The fate of another $10 million for the next fiscal year remains uncertain. The three-year program was initially projected to funnel about $70 million to 20 high-need counties, with about one-third going to Los Angeles.

These small-scale efforts were expected to help enroll 25,000 L.A. County children and teenagers in government healthcare programs each year. Of the 2 million uninsured people in the county, an estimated 200,000 are children, said Suzanne Bostwick, acting director of the Children's Health Outreach Initiative, part of the county Department of Public Health.
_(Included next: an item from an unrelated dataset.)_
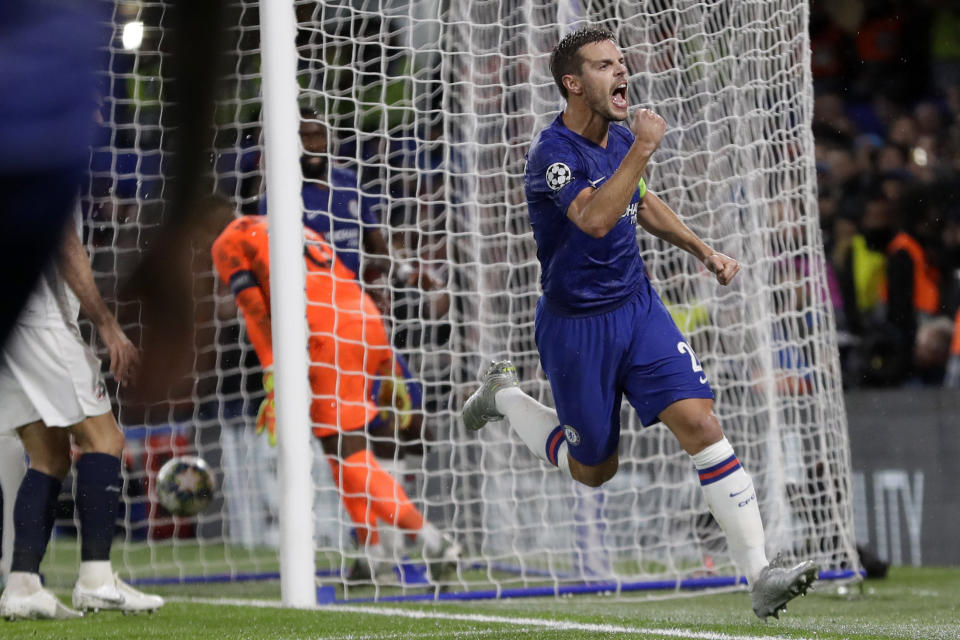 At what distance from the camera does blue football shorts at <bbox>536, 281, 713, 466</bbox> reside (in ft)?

More than 30 community agencies and government bodies, including the Los Angeles Unified School District, employ local health advocates throughout the county.

These workers, often bilingual or located in clients' neighborhoods, travel door to door or work in storefront offices to help people navigate the healthcare bureaucracy. More than 200 of them, many of whom were Medi-Cal recipients themselves, are at risk of losing their jobs.

"Health reform is just more than" having an insurance card, said Lynn Kersey, executive director of Maternal and Child Health Access, who said local groups were blindsided by the governor's veto. Without the state money, "people won't get the help they need."